Toch ging er in Valkenburg een lichte siddering door het peloton. Voor het eerst sinds het WK in Imola in 2020 werd Pogačar opnieuw bijgehaald na een aanval van ver. Niet zozeer het verlies zelf, maar het feit dat hij te grijpen was, maakte indruk. Tegenwind, verkrampte bewegingen, een nerveuze blik… het leek even alsof de ongenaakbare menselijk werd.

En net in die kleine barst doken Remco Evenepoel en een herboren Mattias Skjelmose.

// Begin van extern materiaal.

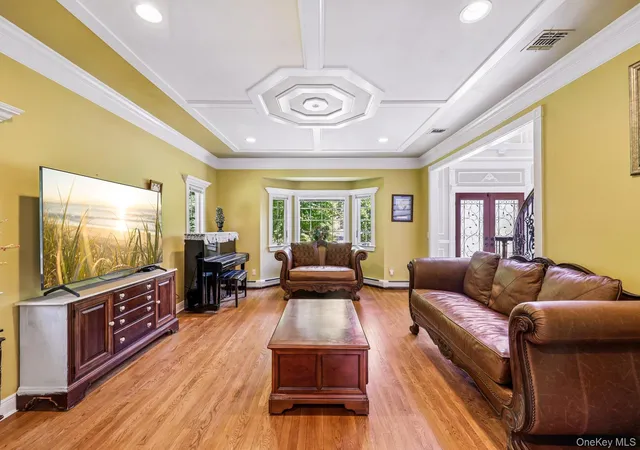 3rd image of 4 Penn Ct, East Setauket, NY 11733 | MLS# 1007197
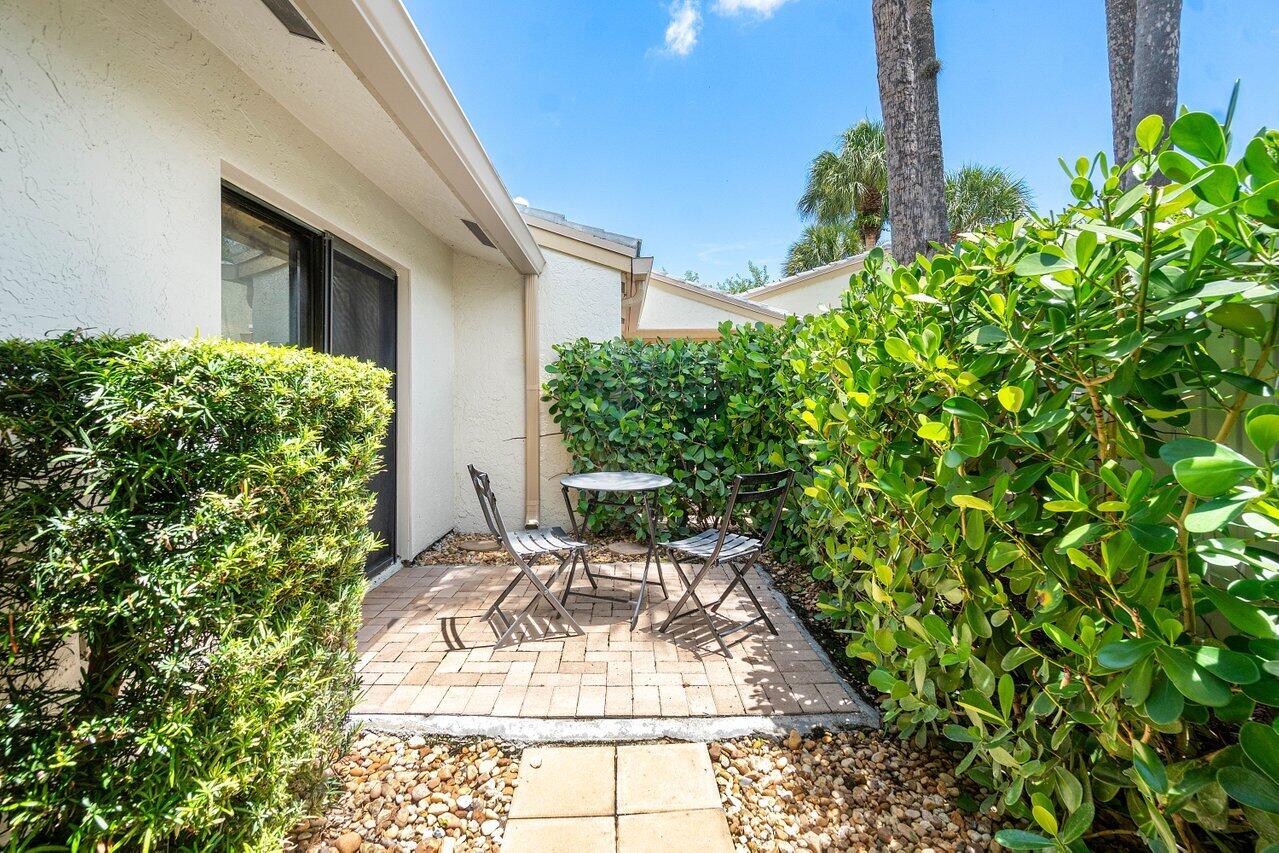 8 Eastgate Drive A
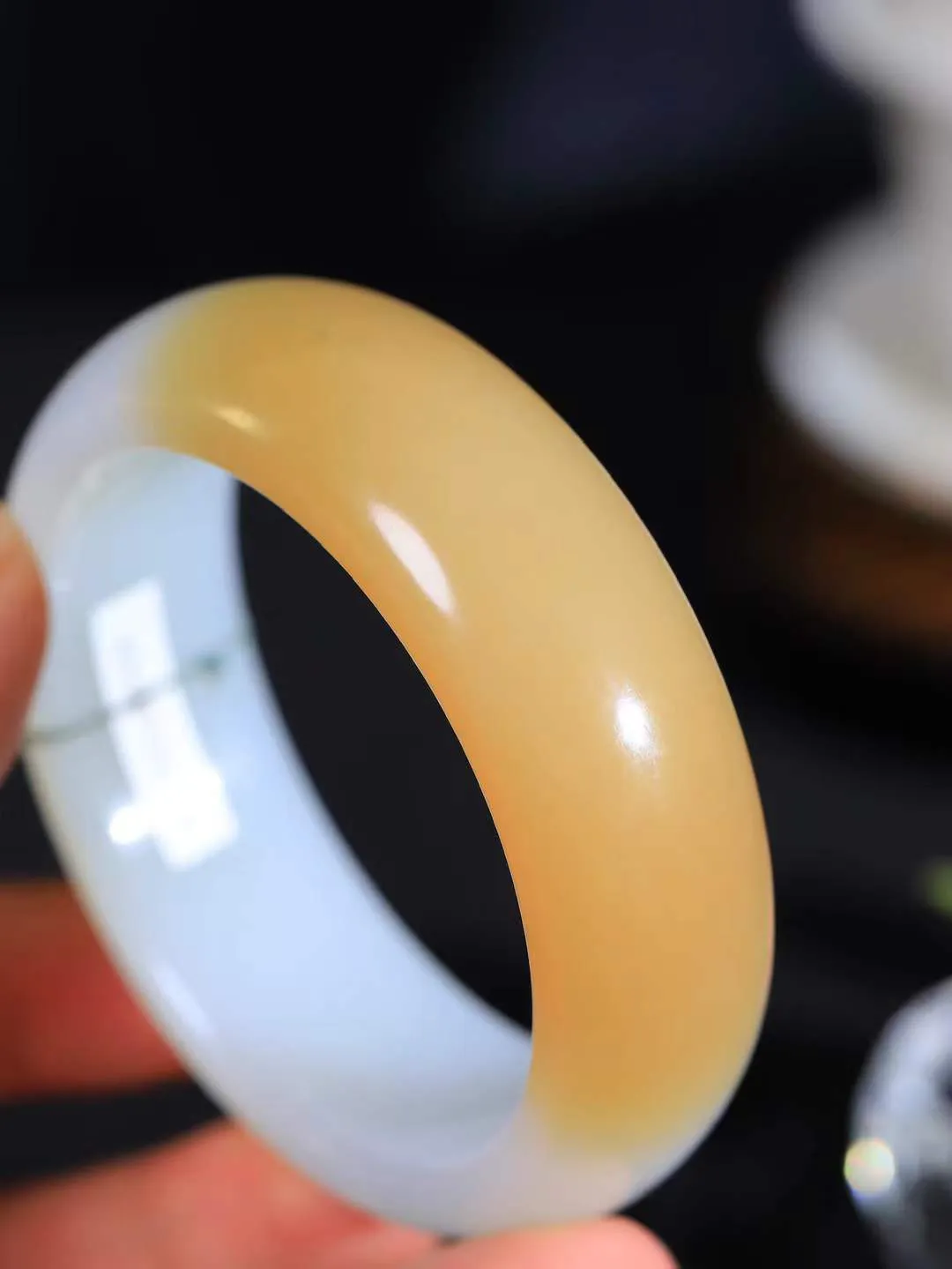 【暖玉生香·手镯】

收藏级臻品和田玉糖白玉手镯，质地油润细腻，色泽高贵典雅，镯型古朴典雅。在诗情画意的雨巷相遇，你是我腕间的一抹风情，有你眸有深情，清风荡漾湖间静水，我愿俯身低眉，在烟波涟漪处，寻你深情倩影。内径55mm尺寸19.6-9.1mm重89克  6928258A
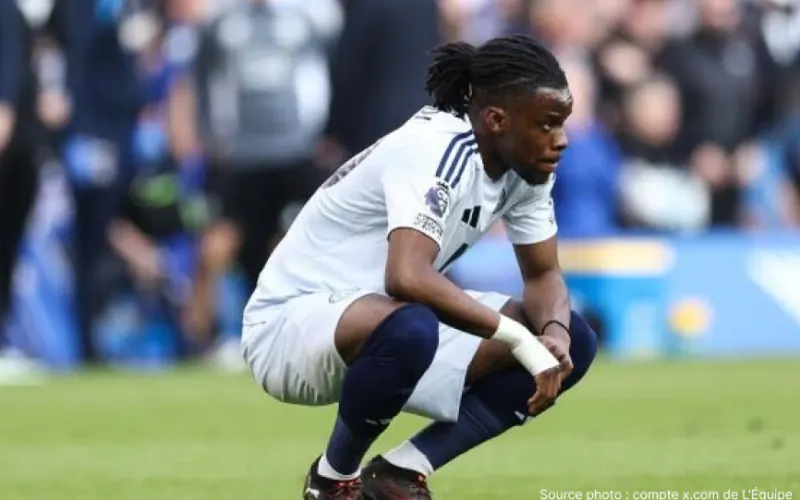 Brian Cipenga célébrant un but avec le CD Castellón devant les supporters albinegros en 2025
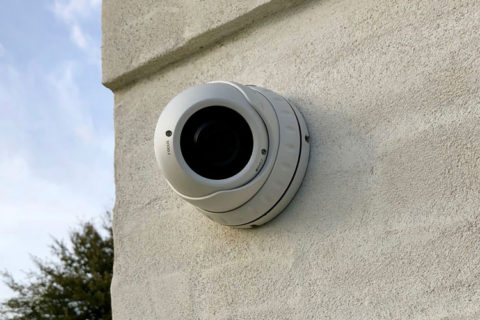 Videoovervågning med et dome kamera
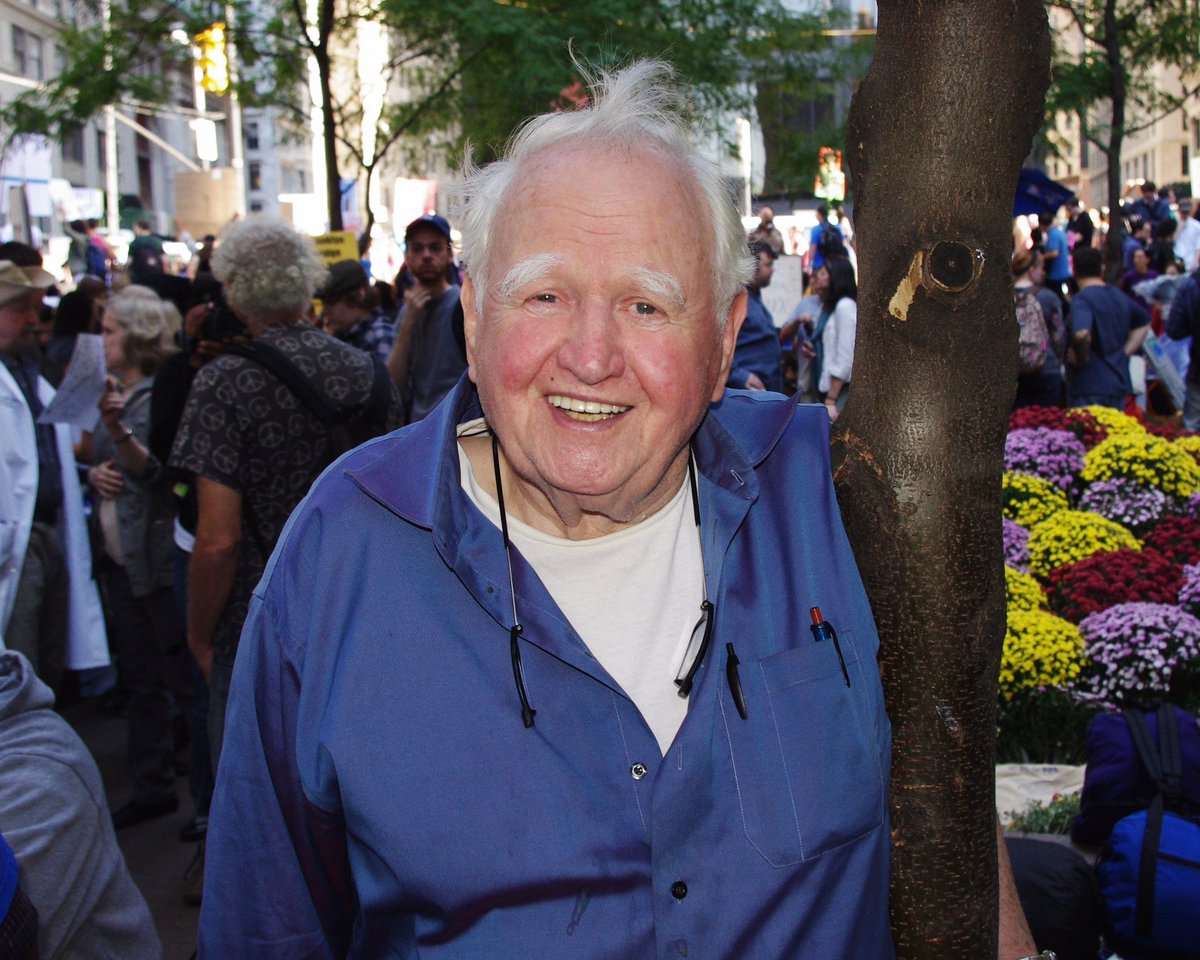 IrelandinNY's tweet photo. We are saddened to hear of the passing of Malachy McCourt. A born raconteur, Malachy's acting &amp; storytelling has left an indelible mark, capturing the essence of Irish-American culture for generations to come. Sending heartfelt condolences to his family &amp; all those who loved him. https://t.co/5HKL11BfMU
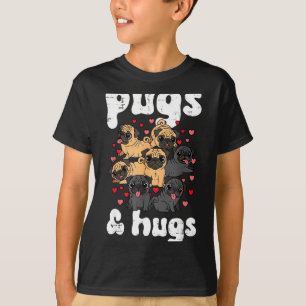 Valentines Day Dog Pug And Hugs Cute Puppy Men Wom T-Shirt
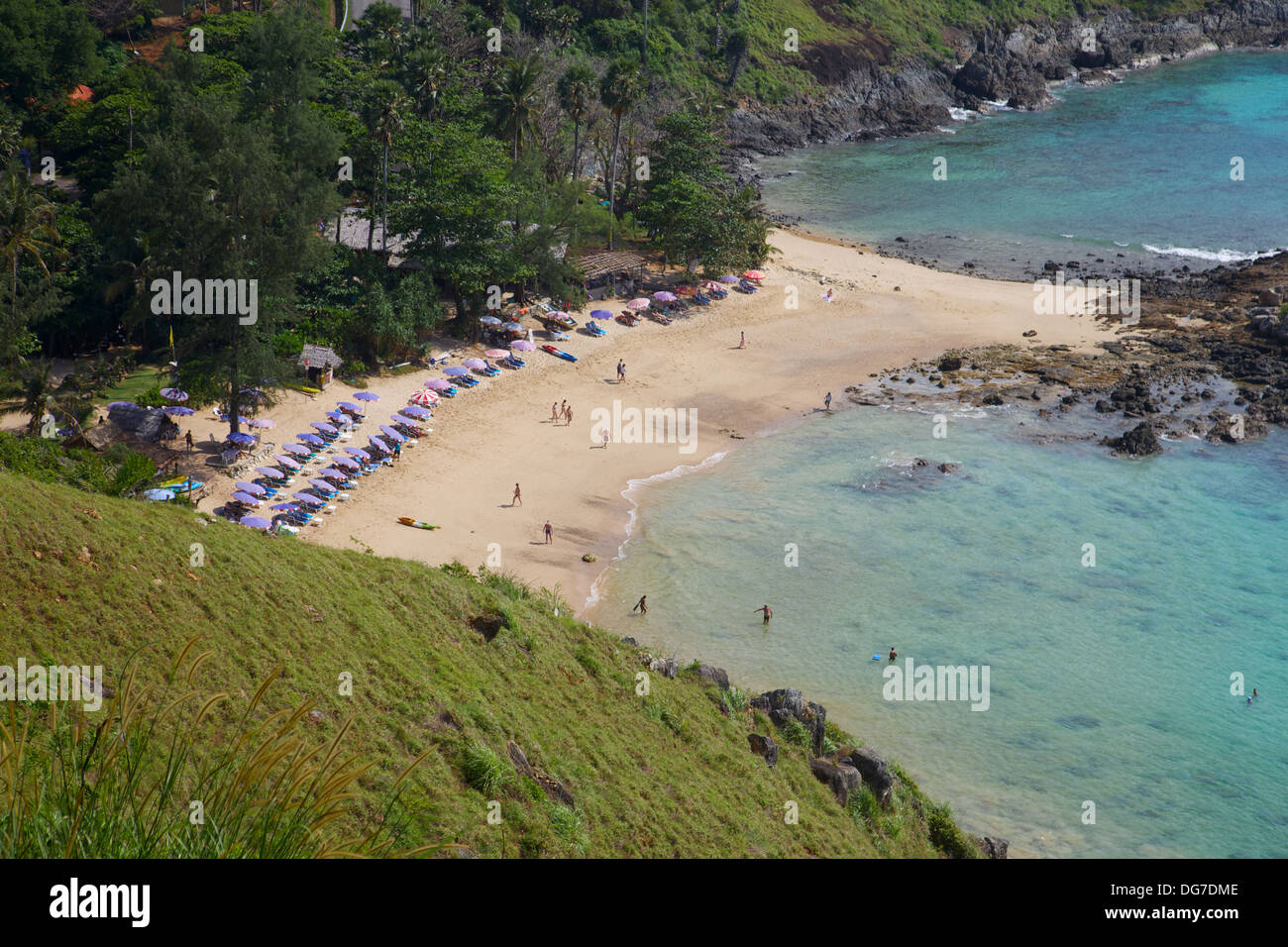 Una piccola spiaggia dell'isola di Phuket, Tailandia Foto Stock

De Deen, gedragen door een bijzonder sterk Lidl-Trek, liet zich niet afschudden. Hun terugkeer was niet zomaar een anekdote: het was een signaal dat zelfs Pogačar verslaanbaar is. Maar de Sloveen heeft nog lang niet opgegeven.

Moe, maar niet verslagen

De vermoeidheid? Die is er – al geeft hij dat slechts met tegenzin toe. Maar zijn honger naar winst is nog groter. Pogačar heeft Luik-Bastenaken-Luik duidelijk aangeduid als zijn ultieme doel deze lente. Zonder Van der Poel, Van Aert of Pedersen in koers, is hij meer dan ooit de te kloppen man.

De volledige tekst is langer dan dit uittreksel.